Fred Arendse, President of the Junior Mining Council, has voiced concern that the proposed approach unfairly disadvantages junior miners: “Many junior mining operations are connected to Medium Voltage (MV) distribution networks. By limiting Phase 1 participation to High Voltage (HV) customers, NERSA effectively bars a significant portion of the junior mining sector from accessing competitive electricity markets for an undefined period.” 

The Draft Consultation Paper, published on 24 November 2025, introduces new Electricity Trading Rules aimed at regulating South Africa’s growing bilateral electricity market. The rules are developed under the Electricity Regulation Act 4 of 2006 (as amended) and seek to promote competition, ensure fair network access, regulate licensing for traders, and clarify the roles of generators, traders and Network Service Providers (NSPs). 

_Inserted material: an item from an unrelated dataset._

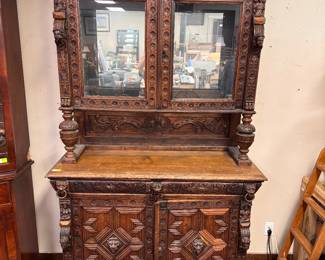 Antique Oak Cupboard ( needs shelves )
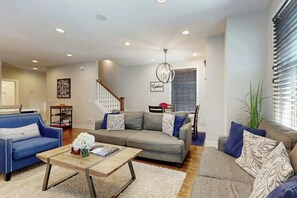 TV, fireplace, stereo, offices - High-end Nashville home in The Gulch near downtown w/rooftop deck, WiFi, & AC (Nashville)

While the JMC supports the transition towards a more competitive and transparent electricity market, it has raised material concerns regarding the proposed phased implementation, licensing requirements, cost recovery mechanisms and dispute resolution processes—particularly where these affect emerging and junior mining companies. NERSA’s draft rules propose a two-phase implementation approach, with Phase 1 limited to customers connected to Transmission and High Voltage (HV) networks. 

“In our submission to NERSA, the JMC has urged the regulator to reconsider the Phase 1 eligibility criteria, recommending that MV-connected customers with appropriate advanced metering infrastructure be permitted to participate, rather than being excluded solely on the basis of voltage level,” says Arendse. 

The JMC represents emerging and junior mining companies, exploration firms, as well as associated professional bodies, suppliers and contractors across South Africa. These operations are critical contributors to employment, local economic development and community livelihoods. 

The JMC has also raised concerns about the financial impact of standby, top-up supply and back-up capacity charges imposed by Network Service Providers. While recognising the need for cost recovery, the Council warns that poorly defined or non-transparent tariffs could be used to cross-subsidise other network costs, effectively eroding the benefits of private power purchase agreements for junior miners. The JMC has therefore called on NERSA to introduce a transparent and standardised methodology for calculating non-bypassable charges to prevent arbitrary or punitive pricing. 

In addition, the JMC has called for swift and specialised dispute resolution through the establishment of a dedicated Energy Ombudsman or an expedited NERSA tribunal. 

The JMC supports NERSA’s objective of liberalising the electricity market. However, it cautions that the proposed phased approach must not create a two-tier mining industry in which only large, Tier-1 mining companies benefit from early access to market reforms. 

NERSA’s Draft Consultation Paper was open for public comment until late January, with submissions coordinated through the Energy Council.